INPUT DATA: Begin
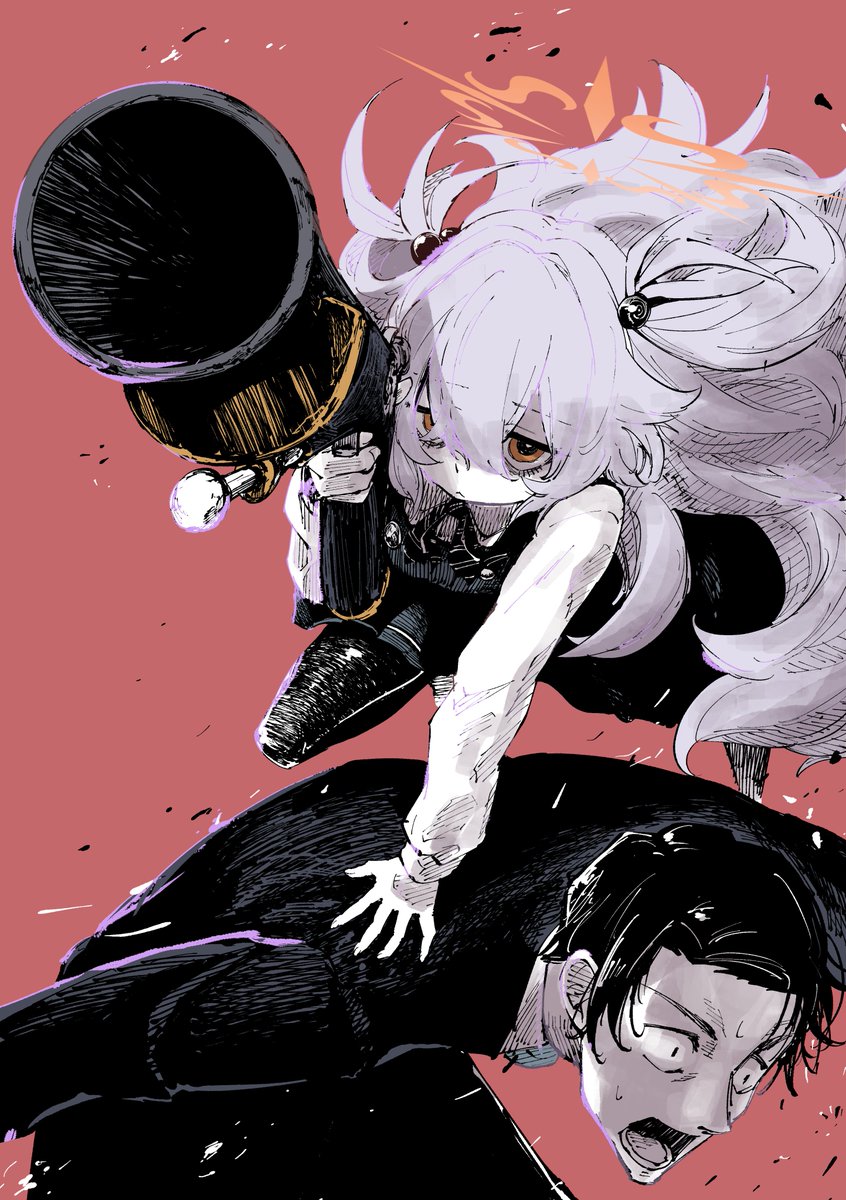 kanoe (blue archive), sensei (blue archive), blue archive, commentary request, highres, 1boy, 1girl, antique firearm, bags under eyes, black hair, black pantyhose, blunderbuss, brown eyes, closed mouth, collared shirt, diagonal-striped ribbon, dress, dynamic pose, firearm, firelock, flintlock, grey hair, gun, hair ornament, halo, hand on another's back, holding, holding gun, holding weapon, long hair, nakamobu, open mouth, orange halo, pantyhose, pinafore dress, red background, shirt, simple background, sleeveless, sleeveless dress, surprised, two side up, very long hair, weapon, white shirt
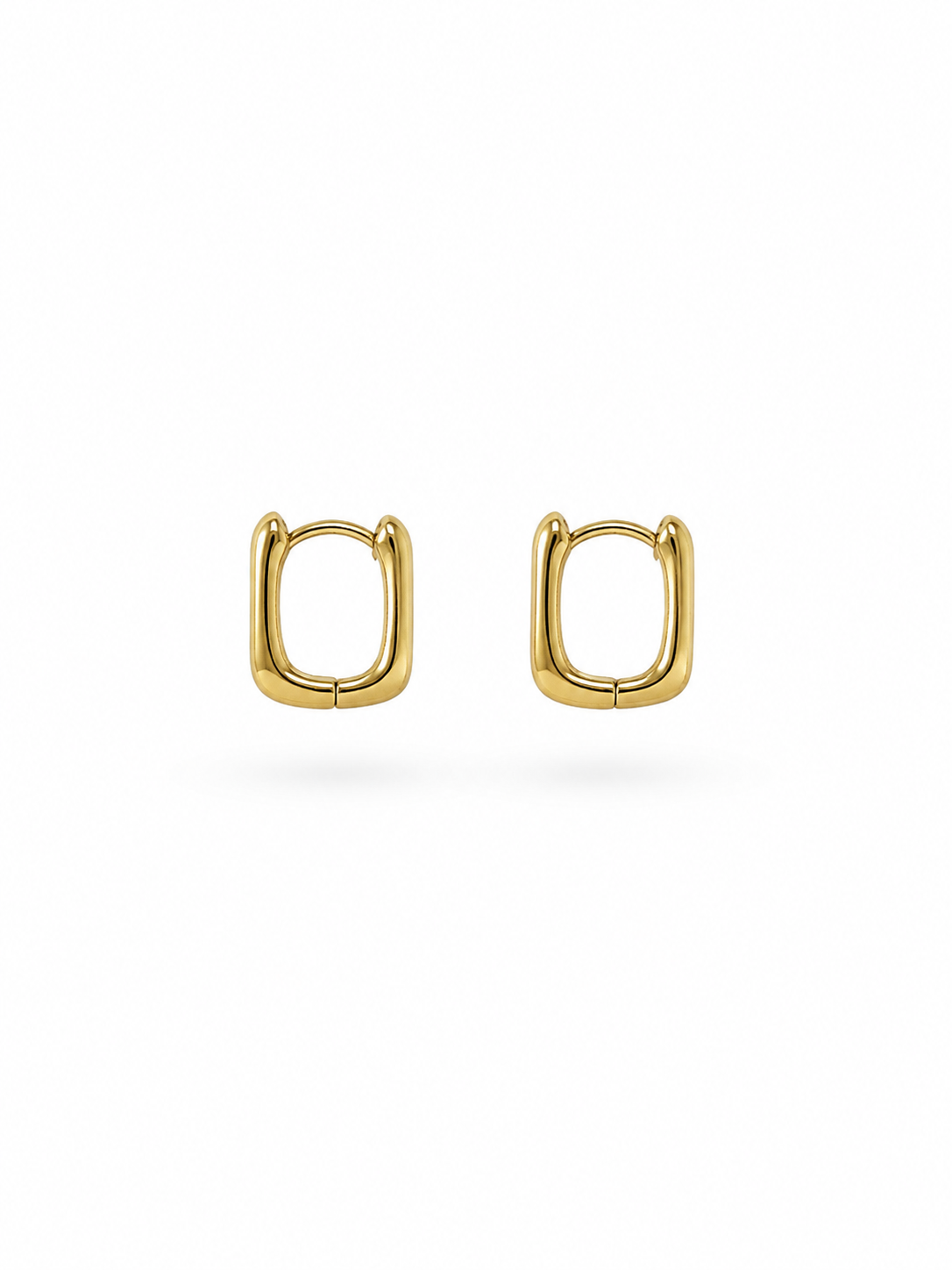 Gold square huggie hoop earrings in high-polish gold finish, sold as a pair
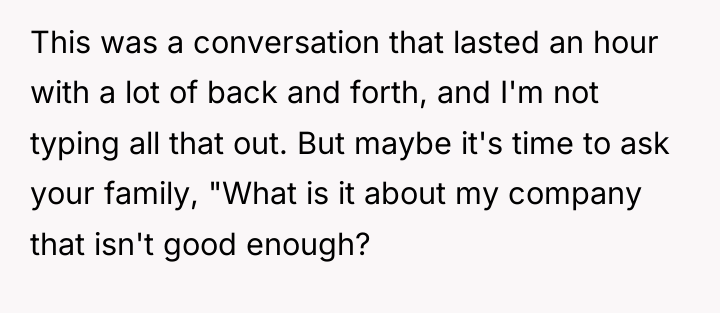 This was a conversation that lasted an hour with a...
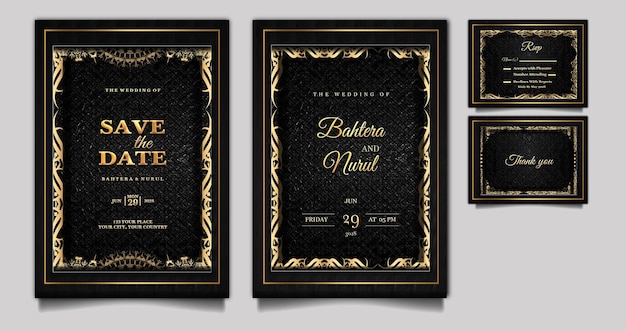 Free PSD luxury wedding elegant floral invitation card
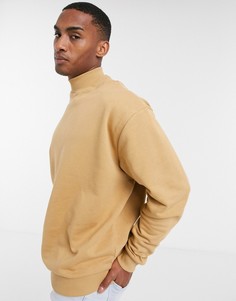 Бежевый oversize-свитшот с высоким воротом ASOS DESIGN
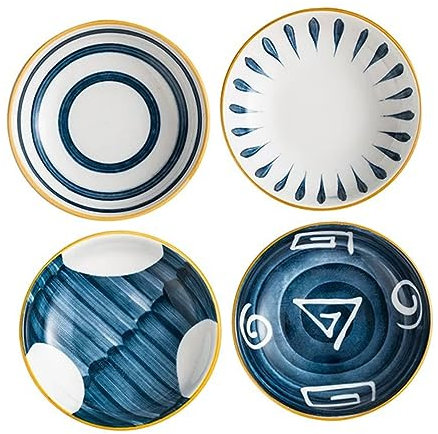 COLLBATH 4pcs Ceramic Dipping Bowls Set Small Sauce Dishes for Soy Salad Snack for Home Restaurant Picnic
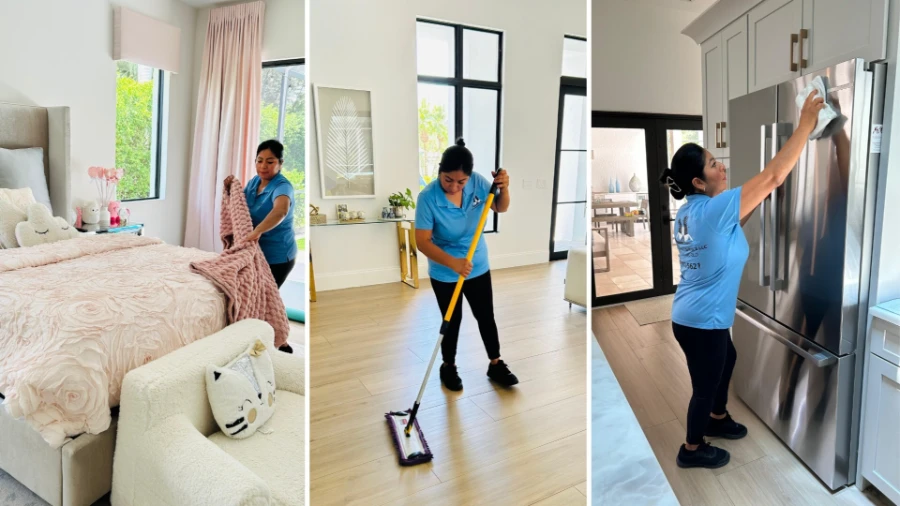 Fort myers house cleaning crew making bed, mopping floor, and wiping refrigerator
INPUT DATA: End
WORK REQUIRED
Exactly the lines from the one containing "Бежевый oversize-свитшот с" through the end of the data above: repeat those, both ends included, and nothing else. Skip the pictures.

ANSWER FOR THE TASK
 Бежевый oversize-свитшот с высоким воротом ASOS DESIGN
 COLLBATH 4pcs Ceramic Dipping Bowls Set Small Sauce Dishes for Soy Salad Snack for Home Restaurant Picnic
 Fort myers house cleaning crew making bed, mopping floor, and wiping refrigerator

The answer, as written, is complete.